◆ **Activity**: Transcribed word for word, the lines below from the one with "Tulipano -apartment- * Pescia" through the last line of the records form the answer; no picture is to be included.

Image-text web data:
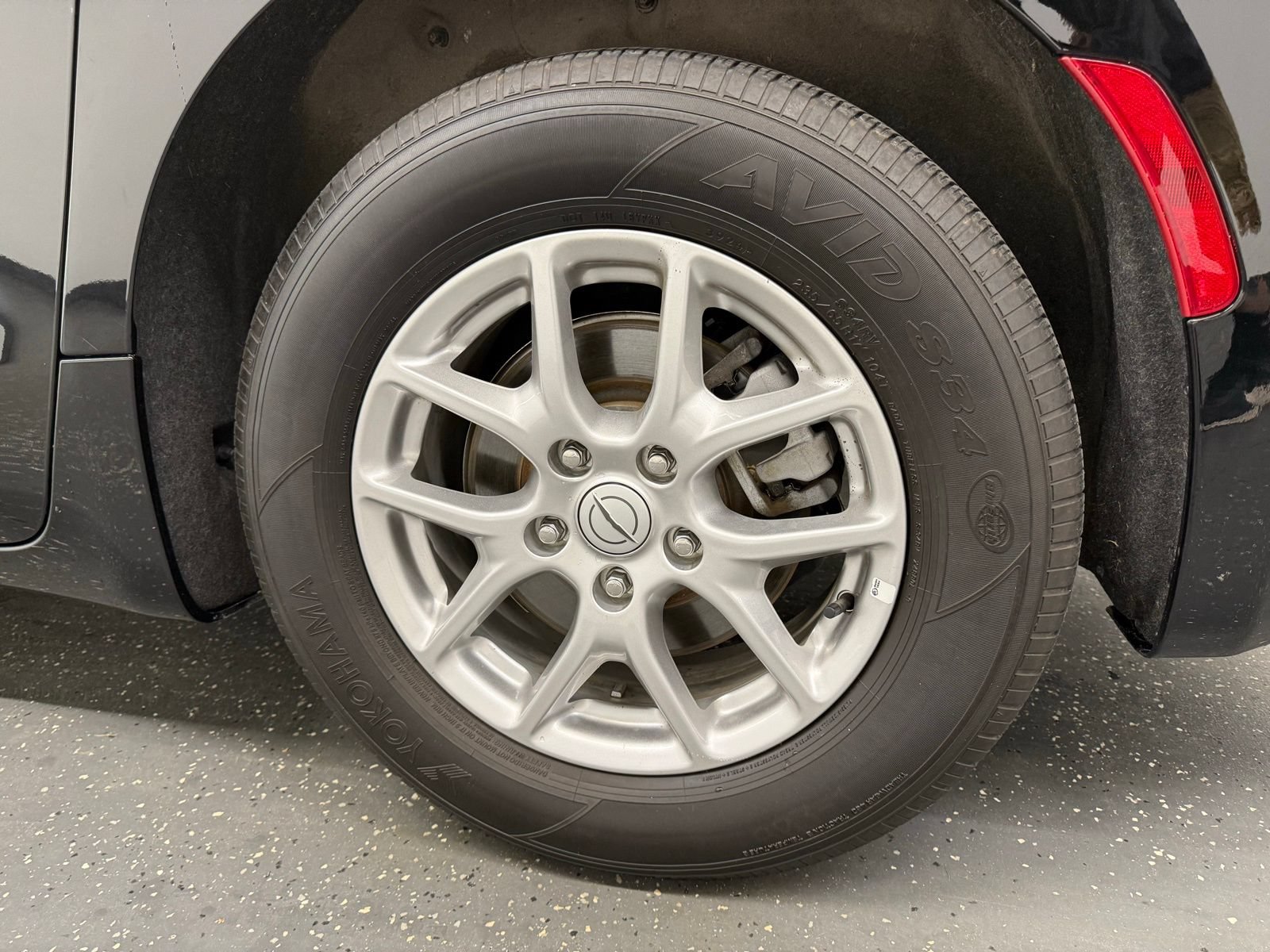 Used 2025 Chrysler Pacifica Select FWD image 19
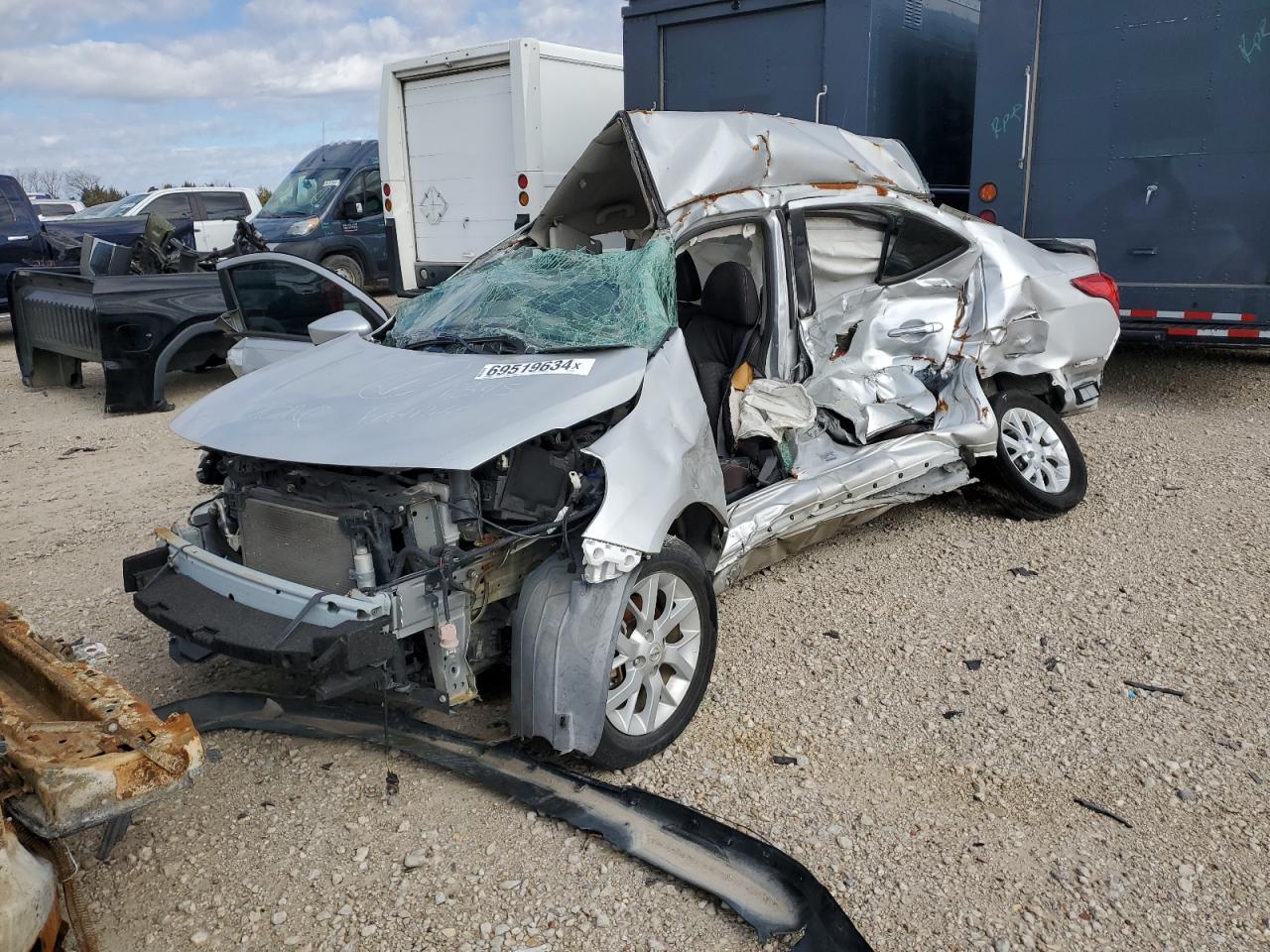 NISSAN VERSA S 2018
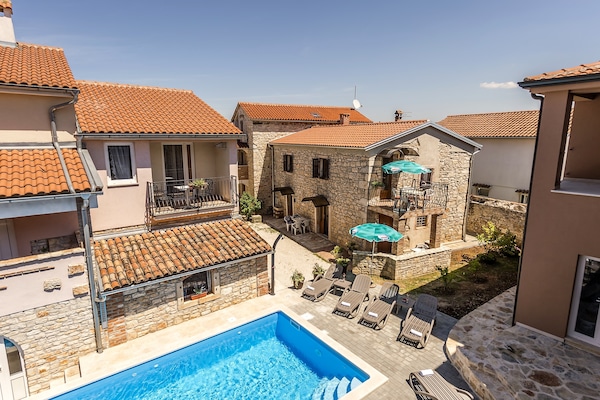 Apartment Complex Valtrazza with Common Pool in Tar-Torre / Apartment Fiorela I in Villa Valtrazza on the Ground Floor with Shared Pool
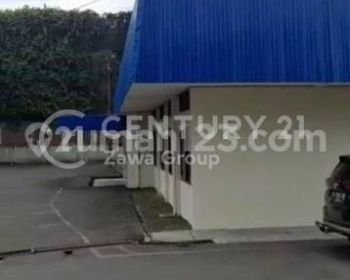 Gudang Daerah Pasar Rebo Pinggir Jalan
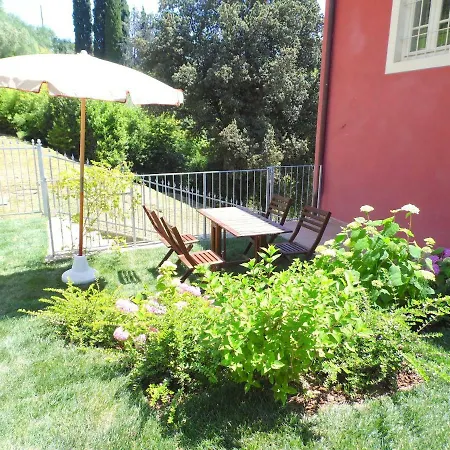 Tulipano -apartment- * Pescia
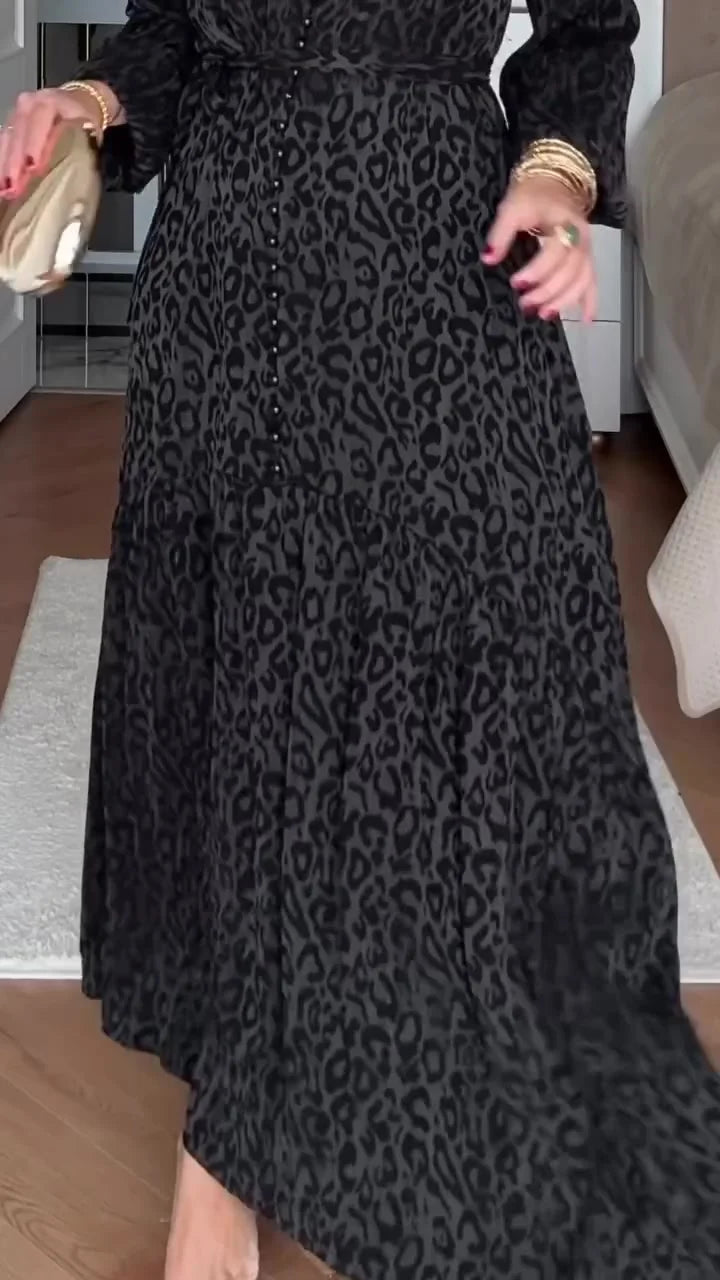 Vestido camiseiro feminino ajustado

◆ **Exercise solution**:
 Tulipano -apartment- * Pescia
 Vestido camiseiro feminino ajustado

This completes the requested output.